Journal of Cheminformatics (Mar 2023)

Deep generative model for drug design from protein target sequence

  • Yangyang Chen,
  • Zixu Wang,
  • Lei Wang,
  • Jianmin Wang,
  • Pengyong Li,
  • Dongsheng Cao,
  • Xiangxiang Zeng,
  • Xiucai Ye,
  • Tetsuya Sakurai

DOI
https://doi.org/10.1186/s13321-023-00702-2
Journal volume & issue
Vol. 15, no. 1
pp. 1 – 12

Abstract

Read online

Abstract Drug discovery for a protein target is a laborious and costly process. Deep learning (DL) methods have been applied to drug discovery and successfully generated novel molecular structures, and they can substantially reduce development time and costs. However, most of them rely on prior knowledge, either by drawing on the structure and properties of known molecules to generate similar candidate molecules or extracting information on the binding sites of protein pockets to obtain molecules that can bind to them.

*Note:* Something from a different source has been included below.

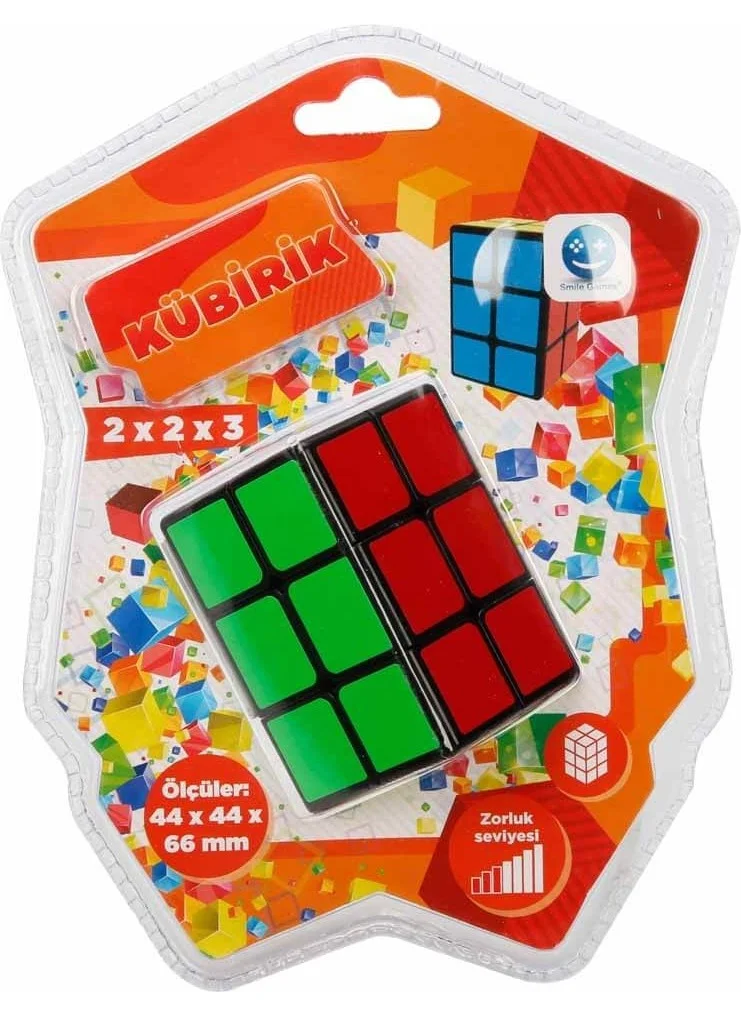 Sunman Smile Games Rectangular Patience Intelligence Cube 4.4x4.4x6.6 cm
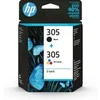 Image de HP 305 Pack de 2 Cartouches d'Encre Noire et Trois Couleurs Authentiques (6ZD17AE) en occasion ou reconditionné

In this paper, DeepTarget, an end-to-end DL model, was proposed to generate novel molecules solely relying on the amino acid sequence of the target protein to reduce the heavy reliance on prior knowledge. DeepTarget includes three modules: Amino Acid Sequence Embedding (AASE), Structural Feature Inference (SFI), and Molecule Generation (MG). AASE generates embeddings from the amino acid sequence of the target protein. SFI inferences the potential structural features of the synthesized molecule, and MG seeks to construct the eventual molecule. The validity of the generated molecules was demonstrated by a benchmark platform of molecular generation models. The interaction between the generated molecules and the target proteins was also verified on the basis of two metrics, drug–target affinity and molecular docking. The results of the experiments indicated the efficacy of the model for direct molecule generation solely conditioned on amino acid sequence.